Many ESCO marketers promise utility customers they will save money on their utility bills. However, it is very difficult for customers who switch to ESCO service to know whether they are paying more or less for electricity or gas than if they had continued to take full service from the utility. The reason for this is that the PSC has required utility prices to change significantly from month to month without notice to consumers.
The utilities buy ESCO receivables for residential service and collect the bills for ESCO service through their regular utility billing, often under threat of shutoff if amounts demanded are not paid. The utilities, therefore, have the data on the residential ESCO charges. Under the Home Energy Fair Practices Act (HEFPA), utilities are required to base payment plans on what the utility would have charged or what the ESCO charged, whichever is less. So, they also have the capability to make comparisons between ESCO charges and utility charges, which when investigated, shows evidence of systematic overcharging.
In the 2012 Niagara Mohawk (Nat’l Grid) electric and gas rate cases, the Utility Project discovered after analyzing more than 2 million NIMO residential electric and gas customer bills (covering a 2yr period), that ESCOs generally charged considerably more for electricity and gas than the utility would charge if the customer had not switched. The ESCOs’ claim that this information provided under seal in discovery was a “trade secret” was rejected, and the information eventually became public.
Utility Project analysis of the NIMO data found that many of those paying significantly higher charges for ESCO Service are low income customers who may have switched based on high pressure door to door or telephone solicitations promising lower prices.
The data showed:
- For low-income customers, 91.5% of electricity bills and 93.4% of gas bills were higher for those customers who had switched to ESCO service.
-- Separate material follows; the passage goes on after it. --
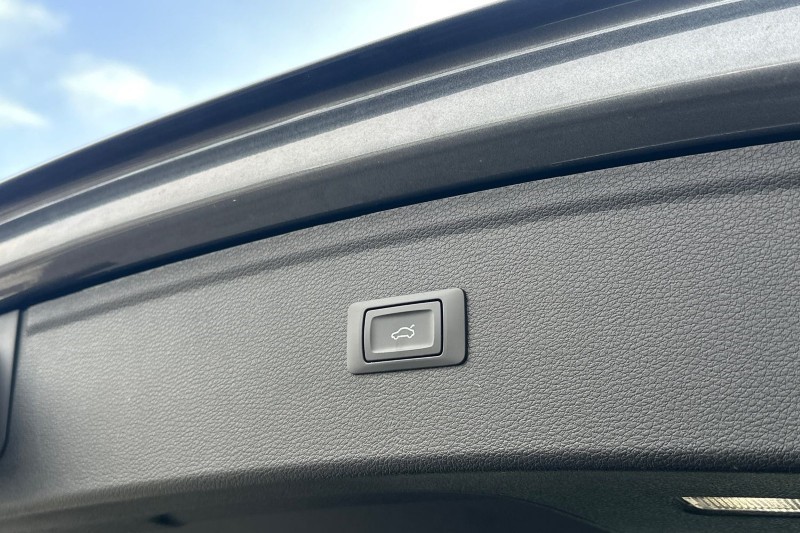 2024 (74) AUDI Q5 40 TDI Quattro S Line 5dr S Tronic 5152625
Only 8.5% of electricity bills and 6.6% of gas bills were lower.
- The data also shows that the net extra cost incurred by ESCO customers over what they would be charged by Niagara Mohawk was $101,775,321 for electricity and $27,375,032 for gas.
- An estimated 207,842 customers (84.3%) paid $103,711,214 more for ESCO electricity service while an estimated 107,225 customers (92.1%) paid $27,931,488 more for ESCO gas service.
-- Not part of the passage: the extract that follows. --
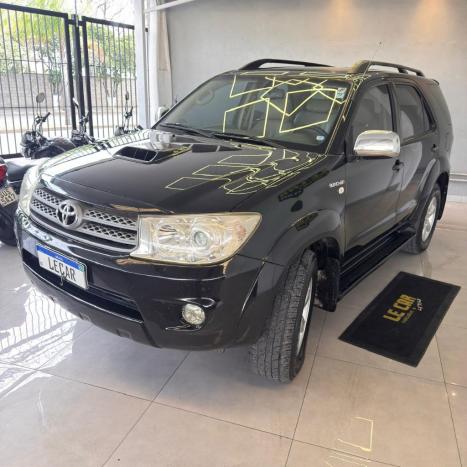 TOYOTA Hilux SW4 3.0 16V 4P SRV 4X4 7 LUGARES TURBO DIESEL AUTOM�TICO, Foto 3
On October 19, 2012, the PSC began a generic investigation and review of ESCO service and retail markets in Case 98-M-1343, etc. In response to the Commission’s notice seeking comments, AARP and the Utility Project filed Comments urging numerous reforms, including
•greater price transparency;
•improved protections against slamming;
•improved protection against deceptive, misleading, and high pressure sales tactics;
•means to facilitate ESCO price comparison; and
•a ban on marketing of ESCO service to low-income customers.
In its February 25, 2014 decision and order, PSC adopted a number of measures, including a requirement that utilities to put bill calculators on their websites so ESCO customers (with internet access) can check to see if they are paying more. The PSC also barred ESCOs from reselling commodity electricity and gas to low income customers — unless they also provide some additional, unspecified “value-added” service.
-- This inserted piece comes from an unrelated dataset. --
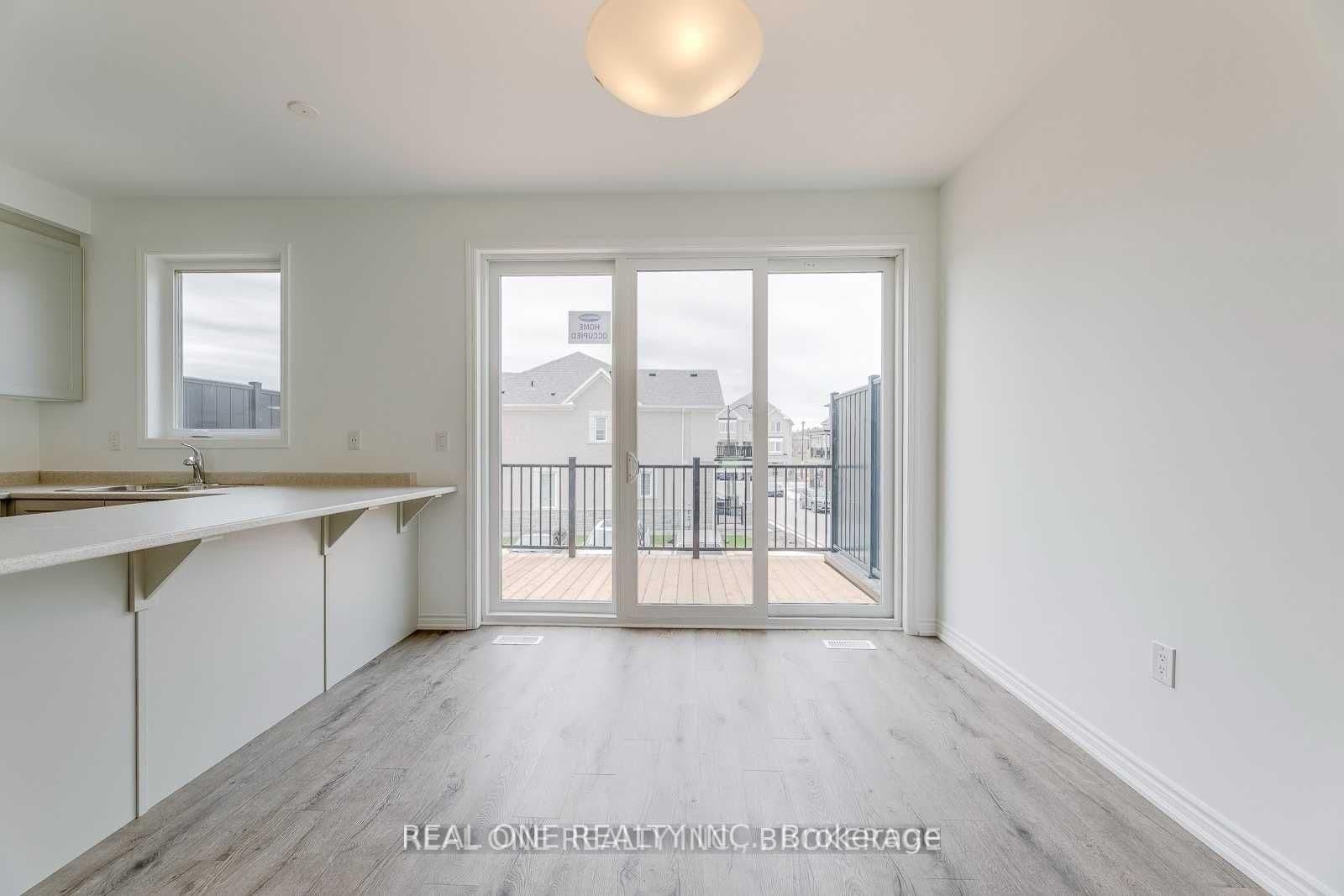 980 Logan Drive, Unit 34 thumbnail 12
The ESCOs petitioned for rehearing, and numerous critical aspects of the Order were stayed, including the restriction on marketing ESCO service to low-income customers.Nearly a year later, on February 6, 2015, the PSC issued an Order Granting and Denying Rehearing Petitions in Part. The Commission expressed concern that ESCOs preying upon low-income customers could negate the Commission’s initiatives to improve affordability and reduce energy burdens of low-income customers.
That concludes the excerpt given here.